ЗАПИСЬ ВОСЕМНАДЦАТАЯ
Евгений Львович пришел с родительского собрания.
— Ну как, пап? Что говорили?
— Да все как обычно. Учитесь вы средне. Хотя для вас всё делают… С другой стороны…
— Пап, а пап, а как тебе наш классный руководитель?
— Пожалуй, хороший преподаватель, умный… вдумчивый. Тяжело, конечно, с вами. Трудно быть хорошим учителем.
— Так кто ж пойдет на такую работу! Я б ни за что не пошел.
— Дурачок ты еще, Сашка. Лучшие профессии, по-моему, с моей точки зрения, — врач и учитель.
— Врач — это да. Особенно хирург. А учитель, знаешь, пап…
— И хирург среди врачей ничего не «особенно». А просто наиболее наглядна его работа. Да еще и романтична. А романтика — это красота для малообразованных и малопонимающих. Вот работа терапевта не менее интересна, только, может быть, более трудна.
— Нет. Хирург — разрежет, все увидит.
— Не повторяй этих глупых вещей за другими. Все кухни так говорят. Что ж хорошего не знать, а только видеть. Сам подумай — если хирурги будут резать, не зная, на что идут! Болит — режь, а там посмотрим. Так, знаешь, сколько лишней крови прольется. Надо знать, что ты можешь от этой резни получить. Пока хирург не станет нормальным терапевтом до операции, ну хотя бы в диагнозах, — грош ему цена и горе его пациентам. «Хирург разрежет — увидит!» — посмотрит, зашьет и скажет терапевтам — там то-то и то-то, а как это лечить — известно вам. Так? Ты подумай… Ты уже можешь думать, Саша? Можешь? Молчишь. Ну, тогда послушай, я тебе сказку расскажу, так сказать легенду, о тихом мальчике. Не поймешь, так через год расскажу снова. Говорить?
— Говори. А не скучно?
— Слушай.
В одной семье, средь множества детей, был мальчик. Он самый младший был в семье.
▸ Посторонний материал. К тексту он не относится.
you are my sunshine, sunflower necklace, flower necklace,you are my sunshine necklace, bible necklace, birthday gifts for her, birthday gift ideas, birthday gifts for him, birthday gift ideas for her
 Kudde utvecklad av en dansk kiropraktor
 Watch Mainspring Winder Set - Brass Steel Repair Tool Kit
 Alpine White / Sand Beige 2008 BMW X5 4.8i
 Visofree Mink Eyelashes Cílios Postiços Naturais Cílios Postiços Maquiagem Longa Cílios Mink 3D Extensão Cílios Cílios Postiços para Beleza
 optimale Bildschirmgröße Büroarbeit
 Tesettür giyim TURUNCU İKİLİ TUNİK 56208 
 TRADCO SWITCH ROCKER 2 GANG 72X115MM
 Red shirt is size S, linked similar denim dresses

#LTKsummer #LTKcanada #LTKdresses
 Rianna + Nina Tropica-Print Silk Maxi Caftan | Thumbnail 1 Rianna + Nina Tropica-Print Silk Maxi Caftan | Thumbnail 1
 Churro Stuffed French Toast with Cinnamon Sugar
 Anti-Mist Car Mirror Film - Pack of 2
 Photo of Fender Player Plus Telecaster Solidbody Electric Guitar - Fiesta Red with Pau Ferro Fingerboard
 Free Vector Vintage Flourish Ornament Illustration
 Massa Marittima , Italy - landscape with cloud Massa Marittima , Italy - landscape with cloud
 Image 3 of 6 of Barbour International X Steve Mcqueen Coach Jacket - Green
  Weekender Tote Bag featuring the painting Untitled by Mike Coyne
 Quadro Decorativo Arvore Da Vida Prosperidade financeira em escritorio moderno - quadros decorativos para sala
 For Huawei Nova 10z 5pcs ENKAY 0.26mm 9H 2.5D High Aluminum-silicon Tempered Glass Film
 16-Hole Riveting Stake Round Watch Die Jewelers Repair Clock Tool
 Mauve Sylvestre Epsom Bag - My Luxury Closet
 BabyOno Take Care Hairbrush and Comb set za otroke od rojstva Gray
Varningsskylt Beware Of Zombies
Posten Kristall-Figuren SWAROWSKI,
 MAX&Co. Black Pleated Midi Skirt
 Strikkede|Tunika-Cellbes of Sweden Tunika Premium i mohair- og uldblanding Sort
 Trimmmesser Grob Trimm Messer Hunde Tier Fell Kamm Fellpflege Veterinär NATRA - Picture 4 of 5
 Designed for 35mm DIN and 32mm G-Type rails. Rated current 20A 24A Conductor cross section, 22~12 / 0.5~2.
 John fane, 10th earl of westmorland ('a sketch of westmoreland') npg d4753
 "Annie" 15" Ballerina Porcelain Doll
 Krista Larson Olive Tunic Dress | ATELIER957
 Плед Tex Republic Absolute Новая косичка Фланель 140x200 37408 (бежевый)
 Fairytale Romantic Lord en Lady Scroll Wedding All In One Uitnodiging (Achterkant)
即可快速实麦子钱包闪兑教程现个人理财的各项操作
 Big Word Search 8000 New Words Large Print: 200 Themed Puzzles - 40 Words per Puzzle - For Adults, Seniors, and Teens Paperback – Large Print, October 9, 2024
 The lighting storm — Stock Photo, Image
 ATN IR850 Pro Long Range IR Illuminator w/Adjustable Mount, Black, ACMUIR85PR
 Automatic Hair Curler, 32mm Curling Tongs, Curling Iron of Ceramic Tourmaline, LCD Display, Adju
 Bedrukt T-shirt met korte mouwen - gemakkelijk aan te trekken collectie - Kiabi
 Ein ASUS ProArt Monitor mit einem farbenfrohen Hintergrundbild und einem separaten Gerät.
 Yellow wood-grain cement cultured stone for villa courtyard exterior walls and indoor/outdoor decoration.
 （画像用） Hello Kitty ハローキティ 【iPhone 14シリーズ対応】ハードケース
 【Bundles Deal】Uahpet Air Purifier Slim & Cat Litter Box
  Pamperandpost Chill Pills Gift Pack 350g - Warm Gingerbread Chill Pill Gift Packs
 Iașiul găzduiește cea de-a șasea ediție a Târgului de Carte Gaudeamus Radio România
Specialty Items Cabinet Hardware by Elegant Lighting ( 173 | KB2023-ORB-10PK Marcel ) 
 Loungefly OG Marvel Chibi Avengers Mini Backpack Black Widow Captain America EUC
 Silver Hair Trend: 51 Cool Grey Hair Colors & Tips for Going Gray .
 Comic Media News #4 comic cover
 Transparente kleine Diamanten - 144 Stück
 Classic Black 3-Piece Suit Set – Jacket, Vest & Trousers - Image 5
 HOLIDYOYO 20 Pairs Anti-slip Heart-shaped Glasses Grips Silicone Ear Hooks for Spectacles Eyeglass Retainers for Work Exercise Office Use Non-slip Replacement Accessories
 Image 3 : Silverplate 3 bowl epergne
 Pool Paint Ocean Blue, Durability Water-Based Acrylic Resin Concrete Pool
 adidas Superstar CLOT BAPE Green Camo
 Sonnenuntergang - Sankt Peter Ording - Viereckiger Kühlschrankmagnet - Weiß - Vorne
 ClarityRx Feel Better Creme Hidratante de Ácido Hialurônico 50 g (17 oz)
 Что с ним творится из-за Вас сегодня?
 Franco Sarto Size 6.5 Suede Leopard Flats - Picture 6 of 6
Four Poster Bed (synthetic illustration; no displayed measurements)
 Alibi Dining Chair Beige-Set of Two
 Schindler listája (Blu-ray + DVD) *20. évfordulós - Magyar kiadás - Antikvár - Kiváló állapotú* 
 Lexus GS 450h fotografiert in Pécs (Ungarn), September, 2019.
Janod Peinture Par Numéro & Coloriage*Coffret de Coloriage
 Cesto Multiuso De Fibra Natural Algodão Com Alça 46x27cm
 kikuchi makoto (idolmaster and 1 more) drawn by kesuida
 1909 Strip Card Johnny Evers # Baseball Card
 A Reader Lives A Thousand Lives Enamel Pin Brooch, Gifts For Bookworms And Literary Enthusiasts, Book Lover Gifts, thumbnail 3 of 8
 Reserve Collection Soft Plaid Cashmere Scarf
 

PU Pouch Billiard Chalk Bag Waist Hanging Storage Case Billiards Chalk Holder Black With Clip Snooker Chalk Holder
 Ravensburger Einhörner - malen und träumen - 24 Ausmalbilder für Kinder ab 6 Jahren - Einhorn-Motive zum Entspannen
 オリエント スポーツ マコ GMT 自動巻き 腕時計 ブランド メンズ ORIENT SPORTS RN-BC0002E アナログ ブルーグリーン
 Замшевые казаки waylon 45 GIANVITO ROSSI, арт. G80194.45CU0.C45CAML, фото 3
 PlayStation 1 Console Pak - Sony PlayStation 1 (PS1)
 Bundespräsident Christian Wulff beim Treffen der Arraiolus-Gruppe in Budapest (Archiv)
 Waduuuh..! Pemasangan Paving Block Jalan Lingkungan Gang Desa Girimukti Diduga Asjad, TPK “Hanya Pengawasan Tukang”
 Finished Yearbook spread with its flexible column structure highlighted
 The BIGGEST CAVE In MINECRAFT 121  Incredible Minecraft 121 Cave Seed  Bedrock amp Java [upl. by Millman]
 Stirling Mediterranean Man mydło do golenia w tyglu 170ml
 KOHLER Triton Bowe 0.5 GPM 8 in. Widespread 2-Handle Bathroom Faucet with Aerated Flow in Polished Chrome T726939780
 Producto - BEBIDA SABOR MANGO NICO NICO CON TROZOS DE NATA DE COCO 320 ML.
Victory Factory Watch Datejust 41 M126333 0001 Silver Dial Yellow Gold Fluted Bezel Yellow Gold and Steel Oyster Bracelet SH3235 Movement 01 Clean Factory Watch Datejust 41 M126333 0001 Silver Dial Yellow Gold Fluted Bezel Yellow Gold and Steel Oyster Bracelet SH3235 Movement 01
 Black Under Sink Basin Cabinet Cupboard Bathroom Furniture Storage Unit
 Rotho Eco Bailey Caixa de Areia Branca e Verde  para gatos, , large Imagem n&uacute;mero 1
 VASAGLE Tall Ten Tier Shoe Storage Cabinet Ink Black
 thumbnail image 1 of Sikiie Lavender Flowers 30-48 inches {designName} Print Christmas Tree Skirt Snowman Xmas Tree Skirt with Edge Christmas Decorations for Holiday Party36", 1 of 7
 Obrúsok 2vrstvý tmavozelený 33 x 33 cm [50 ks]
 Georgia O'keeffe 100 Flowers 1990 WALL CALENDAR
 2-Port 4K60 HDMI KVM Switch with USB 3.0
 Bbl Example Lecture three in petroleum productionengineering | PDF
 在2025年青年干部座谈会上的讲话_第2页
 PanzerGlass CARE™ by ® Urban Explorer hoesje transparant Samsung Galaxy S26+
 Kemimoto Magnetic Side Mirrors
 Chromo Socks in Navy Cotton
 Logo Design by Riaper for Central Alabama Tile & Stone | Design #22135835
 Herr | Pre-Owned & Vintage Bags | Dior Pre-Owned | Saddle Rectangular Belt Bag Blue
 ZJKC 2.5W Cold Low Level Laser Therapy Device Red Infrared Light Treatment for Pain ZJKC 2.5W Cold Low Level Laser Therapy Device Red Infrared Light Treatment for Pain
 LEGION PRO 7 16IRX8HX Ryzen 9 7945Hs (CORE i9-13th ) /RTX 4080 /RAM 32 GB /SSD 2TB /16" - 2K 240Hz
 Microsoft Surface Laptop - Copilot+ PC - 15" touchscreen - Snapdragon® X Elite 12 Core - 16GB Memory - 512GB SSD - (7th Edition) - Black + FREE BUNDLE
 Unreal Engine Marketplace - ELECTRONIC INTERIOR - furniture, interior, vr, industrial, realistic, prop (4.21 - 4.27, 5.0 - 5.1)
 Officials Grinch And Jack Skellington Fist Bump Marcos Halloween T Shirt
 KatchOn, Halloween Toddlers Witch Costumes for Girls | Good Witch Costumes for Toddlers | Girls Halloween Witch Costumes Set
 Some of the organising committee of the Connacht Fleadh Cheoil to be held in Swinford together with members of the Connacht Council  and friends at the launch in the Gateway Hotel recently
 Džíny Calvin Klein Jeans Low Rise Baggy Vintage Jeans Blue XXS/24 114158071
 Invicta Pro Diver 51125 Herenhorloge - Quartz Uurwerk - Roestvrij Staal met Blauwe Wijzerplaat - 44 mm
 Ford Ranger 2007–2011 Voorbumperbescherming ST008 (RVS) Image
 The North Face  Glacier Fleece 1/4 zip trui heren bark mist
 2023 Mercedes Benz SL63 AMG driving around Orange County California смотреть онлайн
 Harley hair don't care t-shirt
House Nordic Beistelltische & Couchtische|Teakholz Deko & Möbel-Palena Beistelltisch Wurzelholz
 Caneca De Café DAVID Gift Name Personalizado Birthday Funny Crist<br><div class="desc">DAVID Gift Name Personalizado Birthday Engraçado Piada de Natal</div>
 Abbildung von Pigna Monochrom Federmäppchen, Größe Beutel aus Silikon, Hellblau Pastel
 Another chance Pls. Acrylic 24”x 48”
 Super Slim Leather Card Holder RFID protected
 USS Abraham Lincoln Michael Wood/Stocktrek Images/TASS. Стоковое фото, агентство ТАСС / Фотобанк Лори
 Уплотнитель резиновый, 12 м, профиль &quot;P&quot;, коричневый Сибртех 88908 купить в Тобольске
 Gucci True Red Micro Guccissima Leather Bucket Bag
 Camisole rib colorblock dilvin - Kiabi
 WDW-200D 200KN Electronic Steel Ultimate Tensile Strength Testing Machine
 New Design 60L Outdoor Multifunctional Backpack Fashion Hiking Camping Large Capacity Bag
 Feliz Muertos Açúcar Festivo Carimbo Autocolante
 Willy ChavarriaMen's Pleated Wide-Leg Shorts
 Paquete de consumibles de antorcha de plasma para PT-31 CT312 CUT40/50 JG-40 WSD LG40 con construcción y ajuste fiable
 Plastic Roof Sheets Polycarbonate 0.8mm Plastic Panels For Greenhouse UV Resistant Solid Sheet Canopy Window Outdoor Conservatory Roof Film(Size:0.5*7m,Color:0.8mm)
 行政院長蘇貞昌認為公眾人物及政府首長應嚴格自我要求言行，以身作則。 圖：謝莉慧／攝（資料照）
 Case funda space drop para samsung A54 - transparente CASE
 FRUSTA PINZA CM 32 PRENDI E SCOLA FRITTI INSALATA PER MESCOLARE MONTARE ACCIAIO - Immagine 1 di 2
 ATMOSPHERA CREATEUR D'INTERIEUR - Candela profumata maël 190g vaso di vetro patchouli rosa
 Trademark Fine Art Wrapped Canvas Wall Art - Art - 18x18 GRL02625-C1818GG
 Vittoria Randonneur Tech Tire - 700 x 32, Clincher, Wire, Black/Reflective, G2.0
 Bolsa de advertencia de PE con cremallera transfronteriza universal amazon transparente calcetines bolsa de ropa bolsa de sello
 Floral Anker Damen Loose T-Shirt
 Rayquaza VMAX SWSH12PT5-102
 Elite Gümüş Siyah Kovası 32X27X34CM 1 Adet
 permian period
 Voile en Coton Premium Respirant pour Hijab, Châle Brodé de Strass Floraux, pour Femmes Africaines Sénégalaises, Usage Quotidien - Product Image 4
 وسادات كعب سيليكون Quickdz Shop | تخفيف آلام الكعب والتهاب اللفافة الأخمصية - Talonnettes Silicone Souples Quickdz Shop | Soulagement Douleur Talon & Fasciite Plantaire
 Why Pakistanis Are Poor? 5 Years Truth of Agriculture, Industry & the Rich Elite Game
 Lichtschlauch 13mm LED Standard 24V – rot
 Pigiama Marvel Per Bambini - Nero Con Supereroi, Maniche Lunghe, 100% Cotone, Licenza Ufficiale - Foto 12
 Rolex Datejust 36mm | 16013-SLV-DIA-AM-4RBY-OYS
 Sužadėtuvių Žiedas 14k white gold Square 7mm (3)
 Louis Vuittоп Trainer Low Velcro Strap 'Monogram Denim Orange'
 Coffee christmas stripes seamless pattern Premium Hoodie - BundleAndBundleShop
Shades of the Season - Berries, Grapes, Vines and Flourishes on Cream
Красивый, со светлыми длинными кудрями, с прекрасным голосом и незаурядными музыкальными и поэтическими способностями, или, как сейчас говорят, данными. Как в те времена и в той стране было заведено, он пас овец вместе со старшими братьями и услаждал их слух почти все время своими прекрасными песнями, подыгрывая себе, или, если тебе понятнее, аккомпанируя себе, на инструменте типа гуслей, лиры иль кифары, так красиво можно называть гитару. Он трогал пальцами струны, и в ответ они, как бы благодаря мальчика за ласковое их поглаживание, издавали дивные звуки, которые чрезвычайно нравились и братьям, и овцам, и всем, кто ни услышит их. Слух о его способностях, о радостях, которые он дарит окружающим, распространился по всей той земле и дошел даже до царя. Властелин этой земли вызывал иногда мальчика к себе и наслаждался музыкой, и словами, и мыслями, которые мальчик в эти песни вкладывал.
Его старшие братья, как в те времена считалось естественным, время от времени надевали на себя разные металлические предметы — доспехи, брали в руки щиты, мечи и прочие, как теперь сказали бы, атрибуты войны и уходили воевать. Всегда была необходимость в той или иной войне. То они свою свободу защищали, то отнимали ее у других, а более всего их интересовали стада, которые им не принадлежали, а могли бы принадлежать. Но с чем бы войны их ни были связаны — они всегда говорили об истине, которая у них есть, а у других нет. Они защищали эту истину и нападали с именем этой истины. Во имя истины всегда проливалось много крови, угонялось много скота и много людей низводилось до положения скотов.